# Captiva/Sanibel Island in March



## The Shark Book (Sep 6, 2016)

Family is planning a trip to Captiva Island (possibly Sanibel) in March, and I haven't been to FL in years so I'm going to bring some rods along and hope for the best. 

Anybody have pointers for fishing here this time of year? It'll be early March, the first week. I am planning on fishing myself for the most part, surf and finding places to fish inshore. I know someone who charters here, and he also shark fishes - so I might book a trip with him and will definitely see if he wants to meet up one night to go shark fishing. 

From what I've seen, inshore fishing will mostly be average-sized seatrout and redfish, maybe with a few trout to 4 lbs and redfish to 12 lbs mixed in. Doesn't look like a great time for snook or tarpon, but not terrible either. Mostly average fish, although again - maybe a shot at a triple digit tarpon, or a 20+ lb snook though. That would make the trip, although I don't have any spinners that can handle tarpon. What else is swimming around this time of year?
Surf targets will mostly be pompano (if they're around), and I may bring a casted shark rod with me for sandbars, spinners, blacktips, etc.


----------



## andypat (Jan 7, 2004)

I could help, but I think my friends are getting tired of me answering post with pictures.
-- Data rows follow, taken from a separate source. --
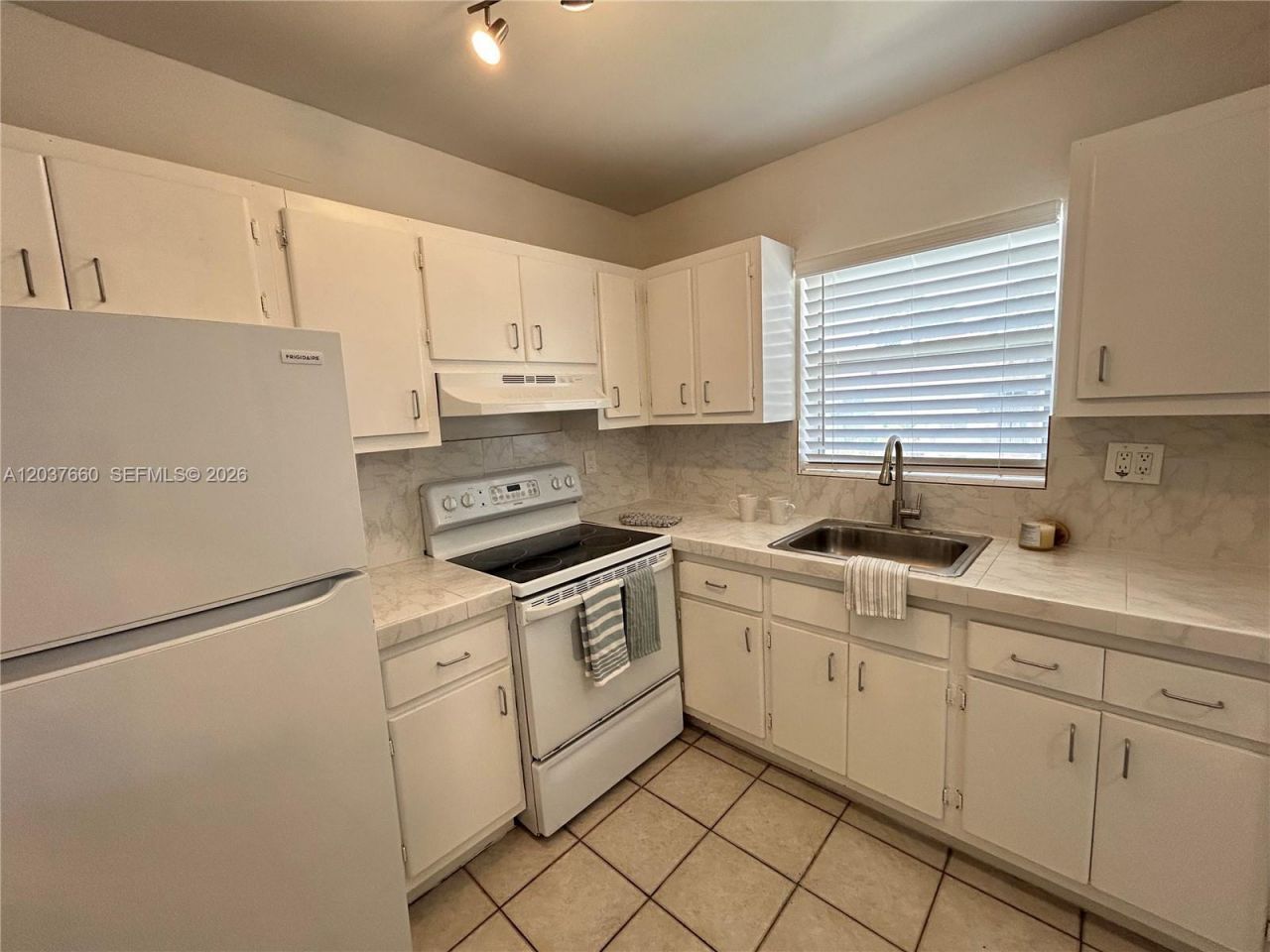 7505 SW 82nd St , Unit 320, Miami, FL 33143 Photo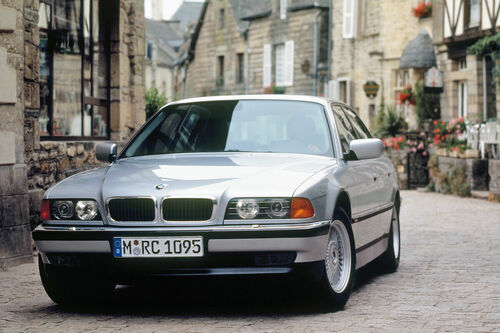 45 éve a csúcson: a BMW 7-es sorozat 7 felejthetetlen generációja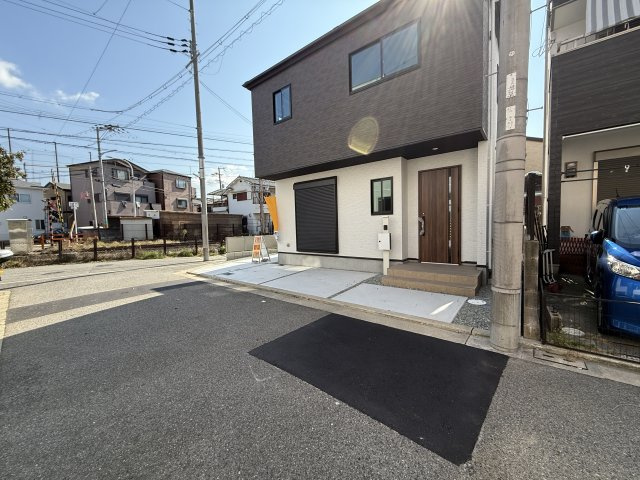 石津町中1期1棟の前面道路含む現地写真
So all I can say is fish along the beaches for snook, and trout. Don't have to cast way out, the fish are along the beach. A DOA Night Glow 1/4 OZ. Shrimp was our best lure. Good Luck!


----------



## andypat (Jan 7, 2004)

No use wasting this guys post. These are some Sanibel Island beach snook caught with a 1/4 Oz. DOA Night Glow Shrimp along the beach.
View attachment 41353
View attachment 41361
View attachment 41369
View attachment 41377
Now I'm going fishing this morning 8-19-17.


----------